# [What is needed]
What is needed is a word-for-word copy of all the entries, minus the pictures.
[Information supplied — start]
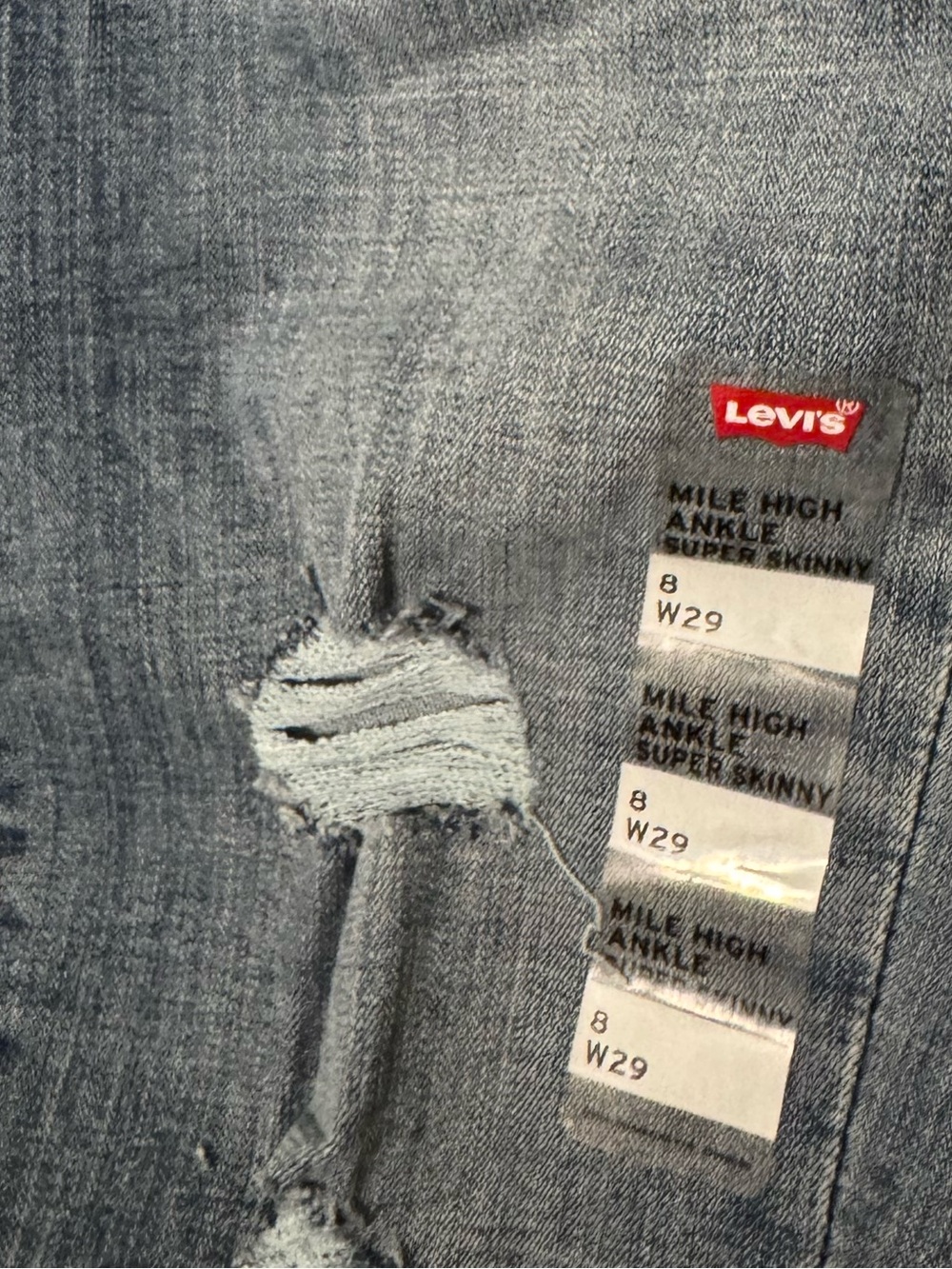 Levi's 29 Stretchy Blue Mile High Super Skinny Ankle Jeans Distressed - Picture 3 of 6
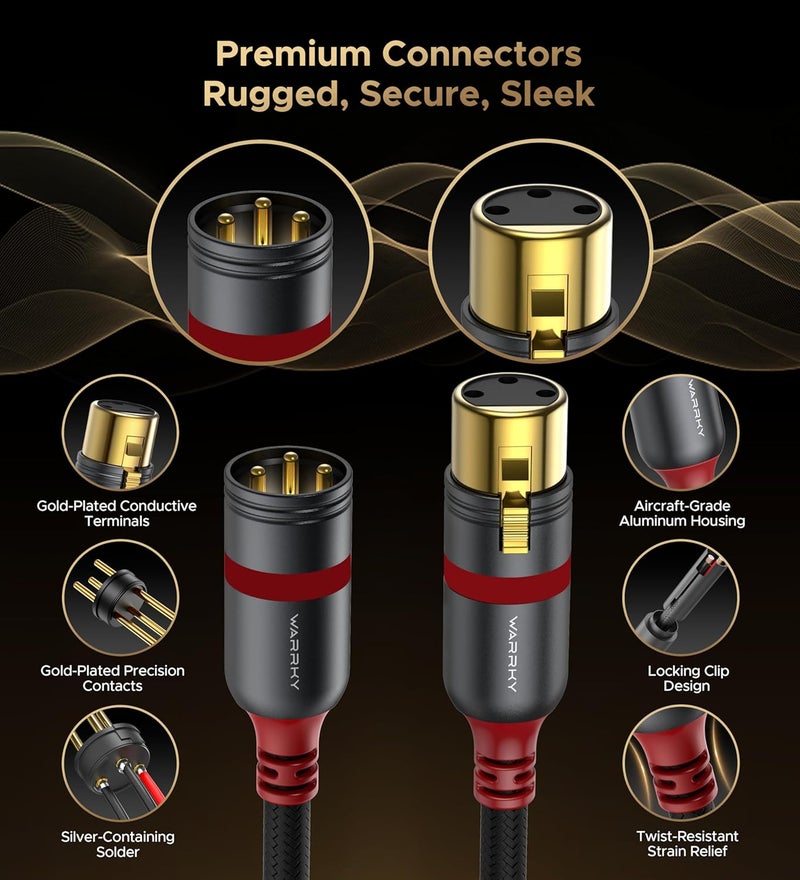 Warrky كابلات XLR بطول 6 أقدام - عبوة واحدة [نحاس خالي من الأكسجين (OFC)، موصل مطلي بالذهب] كابل ميكروفون متوازن ذكر إلى أنثى احترافي Hi-Fi XLR - Image 4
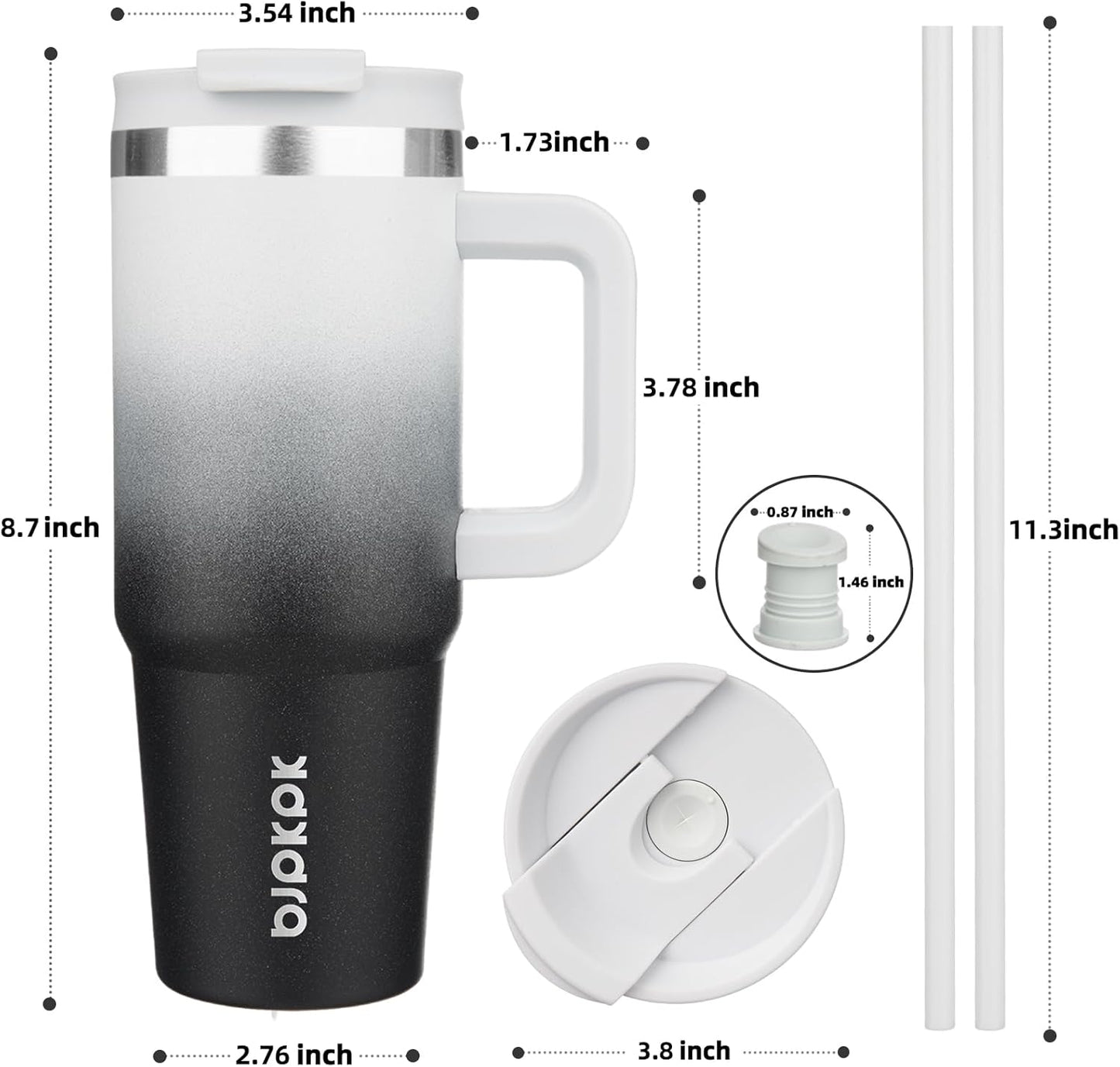 BJPKPK 30 oz Insulated Tumbler With Lid And Straw Stainless Steel Tumblers Cup With Handle For Women And Men,Day And Night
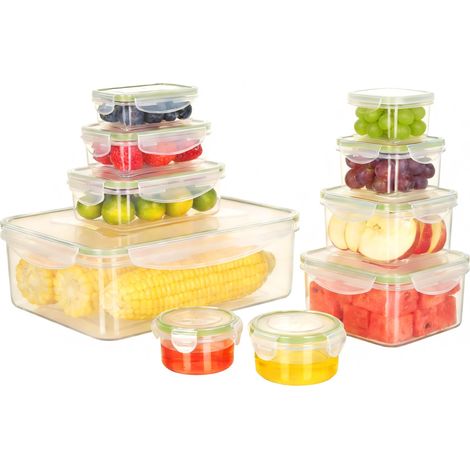 Lot de 10 Boîte Alimentaire Set, Plastique Boîtes Alimentaires avec Couvercle, Réutilisables Meal Prep Containers, Sans BPA, Récipients Conservation pour Micro-Ondes Lave-Vaisselle Réfrigérateur (1/5)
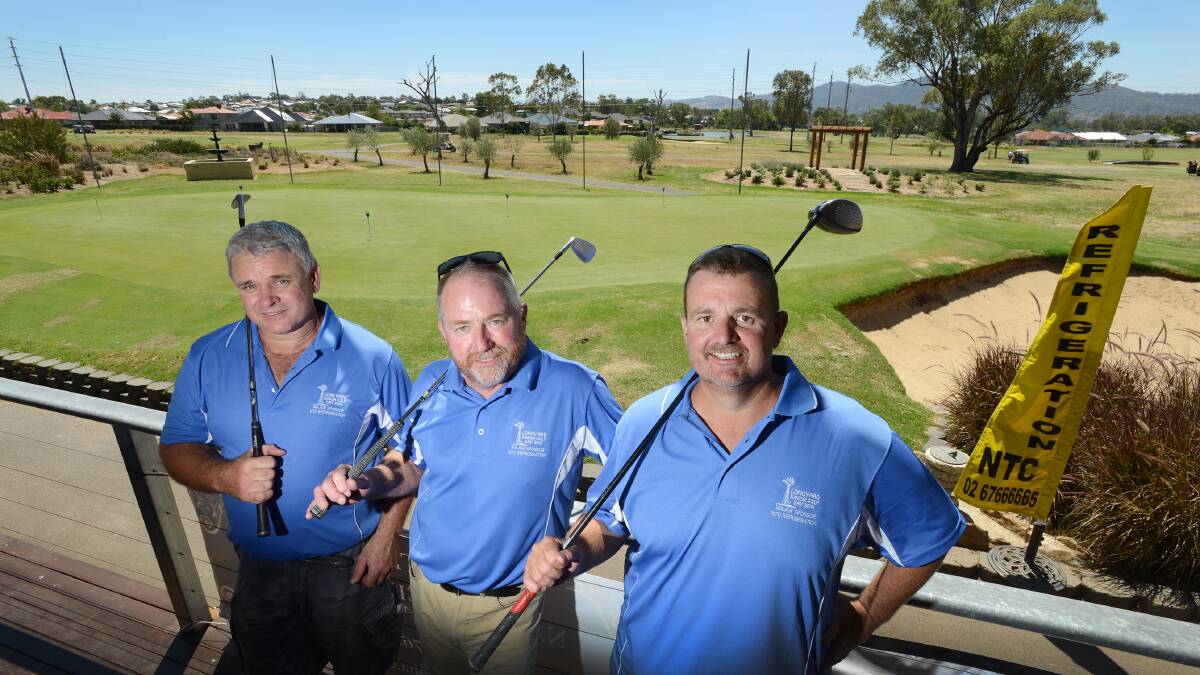 Having a time out at Sunday’s Longyard Junior Golf Development Day were (from left) Allan Hemmings, Derek Attwell and Brad Costigan (Treasurer). They raised $7000. 
Photo: Barry Smith 230214BSD01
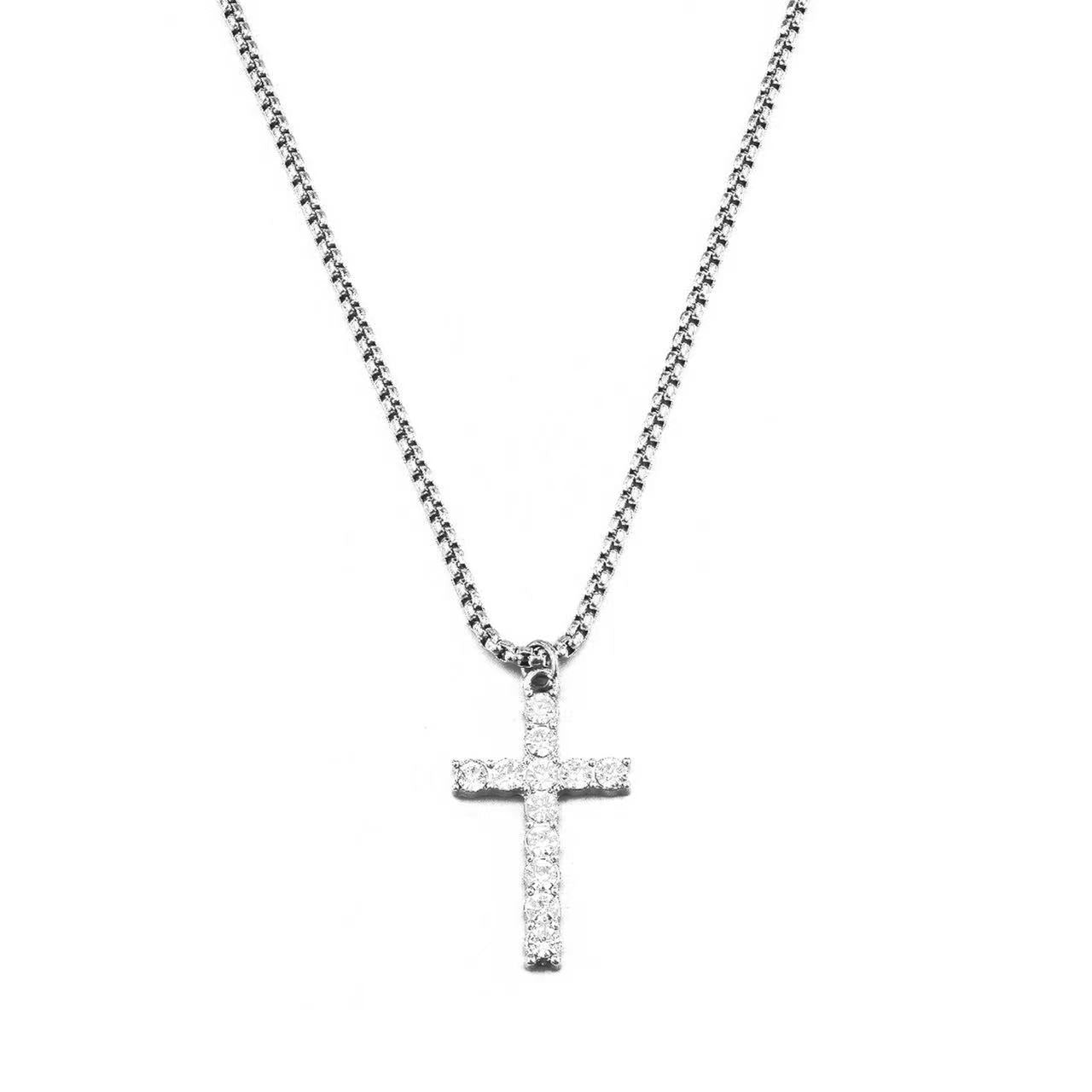 Colar com cruz de diamante para homens - O Retalho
[Information supplied — finish]
# [Finished task]
 Levi's 29 Stretchy Blue Mile High Super Skinny Ankle Jeans Distressed - Picture 3 of 6
 Warrky كابلات XLR بطول 6 أقدام - عبوة واحدة [نحاس خالي من الأكسجين (OFC)، موصل مطلي بالذهب] كابل ميكروفون متوازن ذكر إلى أنثى احترافي Hi-Fi XLR - Image 4
 BJPKPK 30 oz Insulated Tumbler With Lid And Straw Stainless Steel Tumblers Cup With Handle For Women And Men,Day And Night
 Lot de 10 Boîte Alimentaire Set, Plastique Boîtes Alimentaires avec Couvercle, Réutilisables Meal Prep Containers, Sans BPA, Récipients Conservation pour Micro-Ondes Lave-Vaisselle Réfrigérateur (1/5)
 Having a time out at Sunday’s Longyard Junior Golf Development Day were (from left) Allan Hemmings, Derek Attwell and Brad Costigan (Treasurer). They raised $7000. 
Photo: Barry Smith 230214BSD01
 Colar com cruz de diamante para homens - O Retalho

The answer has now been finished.